Operation Deutschland
- Native name: Operationsplan Deutschland
- Location: Germany;
- Also known as: Operation Plan Germany
- Type: War plan
- Cause: Increased tensions with Russia
- Motive: To prepare Germany for a major war in Europe
- Organised by: German Armed Forces
- Participants: NATO
- Soldiers involved: 800,000 soldiers from various NATO countries
- Number of vehicles: 200,000 vehicles
- Website: https://www.bundeswehr.de/resource/blob/5761202/5101246ca9de726f78c4d988607532fc/oplan-data.pdf

= Operation Deutschland =

German war plan

Operation Deutschland also known as Operation Plan Germany, is a war plan created by the German Armed Forces in 2024 detailing how Germany would organize itself during a hypothetical large-scale war in Europe.

==Outline==
Operation Deutschland is a 1,000 page long war plan detailing multiple points on how Germany would prepare a large war in Europe against Russia. Many details of the war plan are still classified.

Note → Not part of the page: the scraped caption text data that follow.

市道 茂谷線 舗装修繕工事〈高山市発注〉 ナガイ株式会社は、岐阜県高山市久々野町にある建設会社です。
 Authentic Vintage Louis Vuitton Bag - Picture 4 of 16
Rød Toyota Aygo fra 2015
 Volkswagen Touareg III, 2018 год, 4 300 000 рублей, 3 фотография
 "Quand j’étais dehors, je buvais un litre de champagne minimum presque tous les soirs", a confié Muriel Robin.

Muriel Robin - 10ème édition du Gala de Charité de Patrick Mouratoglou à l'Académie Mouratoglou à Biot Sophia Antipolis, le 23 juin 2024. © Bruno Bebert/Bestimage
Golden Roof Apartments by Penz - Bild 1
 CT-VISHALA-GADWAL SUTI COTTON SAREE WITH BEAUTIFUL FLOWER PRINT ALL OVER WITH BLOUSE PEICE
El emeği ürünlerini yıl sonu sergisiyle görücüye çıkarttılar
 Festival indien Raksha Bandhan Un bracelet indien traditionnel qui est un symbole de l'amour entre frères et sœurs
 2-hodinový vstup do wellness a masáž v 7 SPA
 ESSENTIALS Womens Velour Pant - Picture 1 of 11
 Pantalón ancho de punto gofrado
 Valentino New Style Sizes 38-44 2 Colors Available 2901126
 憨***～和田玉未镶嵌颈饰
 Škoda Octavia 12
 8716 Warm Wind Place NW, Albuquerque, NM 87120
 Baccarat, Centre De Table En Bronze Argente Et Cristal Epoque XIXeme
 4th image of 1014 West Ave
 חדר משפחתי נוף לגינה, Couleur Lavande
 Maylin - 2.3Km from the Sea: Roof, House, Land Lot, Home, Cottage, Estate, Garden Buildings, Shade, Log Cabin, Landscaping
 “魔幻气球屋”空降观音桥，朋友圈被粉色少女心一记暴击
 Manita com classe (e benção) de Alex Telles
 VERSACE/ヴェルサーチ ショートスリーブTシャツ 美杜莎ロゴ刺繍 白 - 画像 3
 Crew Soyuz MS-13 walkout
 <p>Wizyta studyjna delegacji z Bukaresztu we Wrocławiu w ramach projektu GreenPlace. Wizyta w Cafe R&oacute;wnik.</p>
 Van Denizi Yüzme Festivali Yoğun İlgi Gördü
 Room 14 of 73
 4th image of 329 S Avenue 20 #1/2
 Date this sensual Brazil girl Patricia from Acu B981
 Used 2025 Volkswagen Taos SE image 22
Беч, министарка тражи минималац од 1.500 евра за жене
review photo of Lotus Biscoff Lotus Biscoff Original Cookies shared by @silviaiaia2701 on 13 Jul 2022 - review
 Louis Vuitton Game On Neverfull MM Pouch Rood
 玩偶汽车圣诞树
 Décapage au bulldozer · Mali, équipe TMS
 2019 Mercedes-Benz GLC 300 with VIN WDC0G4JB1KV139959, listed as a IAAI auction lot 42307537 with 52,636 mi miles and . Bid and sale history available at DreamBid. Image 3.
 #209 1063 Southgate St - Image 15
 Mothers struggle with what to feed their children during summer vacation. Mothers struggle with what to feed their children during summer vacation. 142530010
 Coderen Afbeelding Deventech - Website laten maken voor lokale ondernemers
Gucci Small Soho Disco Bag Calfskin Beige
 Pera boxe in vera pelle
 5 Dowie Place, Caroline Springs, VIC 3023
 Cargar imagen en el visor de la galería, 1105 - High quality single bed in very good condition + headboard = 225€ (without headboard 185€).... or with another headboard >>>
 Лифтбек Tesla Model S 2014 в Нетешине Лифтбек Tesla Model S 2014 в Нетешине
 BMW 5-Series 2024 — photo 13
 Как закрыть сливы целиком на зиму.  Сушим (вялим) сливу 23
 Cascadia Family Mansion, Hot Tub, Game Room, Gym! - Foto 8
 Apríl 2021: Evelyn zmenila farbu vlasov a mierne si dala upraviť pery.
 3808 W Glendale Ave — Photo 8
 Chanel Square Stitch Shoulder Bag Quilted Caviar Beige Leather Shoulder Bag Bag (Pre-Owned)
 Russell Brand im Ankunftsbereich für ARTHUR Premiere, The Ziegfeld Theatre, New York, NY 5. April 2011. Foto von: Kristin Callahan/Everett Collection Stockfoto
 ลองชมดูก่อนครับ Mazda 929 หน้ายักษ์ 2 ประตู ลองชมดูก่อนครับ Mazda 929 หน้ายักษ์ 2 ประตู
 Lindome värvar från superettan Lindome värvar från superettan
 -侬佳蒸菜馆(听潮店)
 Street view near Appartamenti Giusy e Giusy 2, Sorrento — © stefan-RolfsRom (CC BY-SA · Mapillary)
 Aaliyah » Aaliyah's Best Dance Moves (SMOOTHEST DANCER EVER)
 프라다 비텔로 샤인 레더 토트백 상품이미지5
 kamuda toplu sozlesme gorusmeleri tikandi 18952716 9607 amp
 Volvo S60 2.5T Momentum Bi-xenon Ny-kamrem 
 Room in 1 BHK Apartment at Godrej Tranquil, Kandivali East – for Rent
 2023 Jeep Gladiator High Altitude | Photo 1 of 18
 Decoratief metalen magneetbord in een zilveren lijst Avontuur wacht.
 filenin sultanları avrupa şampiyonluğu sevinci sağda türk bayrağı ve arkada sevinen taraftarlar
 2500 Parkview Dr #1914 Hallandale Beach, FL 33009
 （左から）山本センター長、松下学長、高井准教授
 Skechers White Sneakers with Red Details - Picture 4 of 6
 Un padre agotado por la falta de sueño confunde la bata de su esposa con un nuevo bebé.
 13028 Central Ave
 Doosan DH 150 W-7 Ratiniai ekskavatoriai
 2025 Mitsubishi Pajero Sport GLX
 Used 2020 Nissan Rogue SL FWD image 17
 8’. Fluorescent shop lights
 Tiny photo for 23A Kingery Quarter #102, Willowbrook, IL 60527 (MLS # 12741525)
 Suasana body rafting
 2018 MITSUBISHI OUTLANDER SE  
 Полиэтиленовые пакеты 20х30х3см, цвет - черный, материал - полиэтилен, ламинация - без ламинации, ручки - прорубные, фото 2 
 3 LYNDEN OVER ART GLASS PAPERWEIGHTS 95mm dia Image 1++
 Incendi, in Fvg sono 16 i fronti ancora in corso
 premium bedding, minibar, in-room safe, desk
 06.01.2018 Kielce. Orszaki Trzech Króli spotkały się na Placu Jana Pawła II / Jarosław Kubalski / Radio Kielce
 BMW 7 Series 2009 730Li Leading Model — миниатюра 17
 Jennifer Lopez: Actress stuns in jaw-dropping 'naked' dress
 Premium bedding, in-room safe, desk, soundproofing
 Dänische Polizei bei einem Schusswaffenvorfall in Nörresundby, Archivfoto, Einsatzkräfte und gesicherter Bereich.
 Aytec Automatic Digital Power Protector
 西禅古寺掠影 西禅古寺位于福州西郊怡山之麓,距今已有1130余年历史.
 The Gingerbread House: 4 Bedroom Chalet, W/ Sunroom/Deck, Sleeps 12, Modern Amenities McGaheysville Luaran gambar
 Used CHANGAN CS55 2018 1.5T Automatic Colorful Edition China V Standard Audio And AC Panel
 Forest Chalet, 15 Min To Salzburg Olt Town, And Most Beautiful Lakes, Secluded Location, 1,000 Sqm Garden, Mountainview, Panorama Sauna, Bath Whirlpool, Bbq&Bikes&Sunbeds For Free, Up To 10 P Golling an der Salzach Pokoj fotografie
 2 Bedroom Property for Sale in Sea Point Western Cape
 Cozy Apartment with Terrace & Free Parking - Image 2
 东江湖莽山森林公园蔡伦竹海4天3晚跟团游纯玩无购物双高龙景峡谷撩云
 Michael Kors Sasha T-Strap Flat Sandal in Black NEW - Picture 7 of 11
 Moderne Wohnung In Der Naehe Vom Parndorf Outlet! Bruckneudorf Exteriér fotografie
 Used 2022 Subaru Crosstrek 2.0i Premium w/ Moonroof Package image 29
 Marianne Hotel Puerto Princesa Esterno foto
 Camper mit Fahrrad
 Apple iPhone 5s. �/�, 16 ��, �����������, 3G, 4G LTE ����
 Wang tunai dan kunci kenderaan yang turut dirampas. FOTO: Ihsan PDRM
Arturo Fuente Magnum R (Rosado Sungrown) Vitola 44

The outline of the outline of the war plan was disclosed to the German news outlet Frankfurter Allgemeine Zeitung. The plan describes how 800,000 NATO soldiers and 200,000 vehicles would be transferred through German territory in order to reach the frontline. The plan also includes how the 200,000 vehicles would be quickly moved through German territory in order to ensure that they reach the frontline.

==Issues==
At a meeting in Hamburg, the head of Hamburg Regional Command Lieutenant Colonel Jörn Plischke noted that "70% of truck drivers in Germany are Eastern Europeans. In the event of war, they may simply not be in the country". There were also concerns about Germany's capability with producing military equipment and ammunition for the operation if it ever went into effect.